▸ Task directions
Starting with the first line of the data that follows, transcribe every line verbatim until the line containing "海上五吨的小货船多少钱-图2 海上五吨的小货船多少钱-图2" has been transcribed.

(Data for this task begins)

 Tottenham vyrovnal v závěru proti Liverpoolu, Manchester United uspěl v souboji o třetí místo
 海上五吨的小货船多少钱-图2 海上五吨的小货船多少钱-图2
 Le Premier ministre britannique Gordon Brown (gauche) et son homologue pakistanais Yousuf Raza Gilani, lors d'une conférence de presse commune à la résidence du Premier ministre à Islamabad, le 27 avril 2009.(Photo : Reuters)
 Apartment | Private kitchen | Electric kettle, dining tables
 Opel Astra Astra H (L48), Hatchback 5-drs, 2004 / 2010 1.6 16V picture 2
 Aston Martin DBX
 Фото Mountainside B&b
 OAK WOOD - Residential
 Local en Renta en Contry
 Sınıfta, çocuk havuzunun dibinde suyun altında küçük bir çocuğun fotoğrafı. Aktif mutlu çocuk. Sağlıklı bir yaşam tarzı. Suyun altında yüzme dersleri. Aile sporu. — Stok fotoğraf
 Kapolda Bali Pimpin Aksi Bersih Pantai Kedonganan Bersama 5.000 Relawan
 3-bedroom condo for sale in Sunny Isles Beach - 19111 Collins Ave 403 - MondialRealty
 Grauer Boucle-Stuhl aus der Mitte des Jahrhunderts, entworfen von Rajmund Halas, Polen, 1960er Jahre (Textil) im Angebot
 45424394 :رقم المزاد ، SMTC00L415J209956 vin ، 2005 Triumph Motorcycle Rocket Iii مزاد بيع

(Data for this task ends)

▸ Task solution
 Tottenham vyrovnal v závěru proti Liverpoolu, Manchester United uspěl v souboji o třetí místo
 海上五吨的小货船多少钱-图2 海上五吨的小货船多少钱-图2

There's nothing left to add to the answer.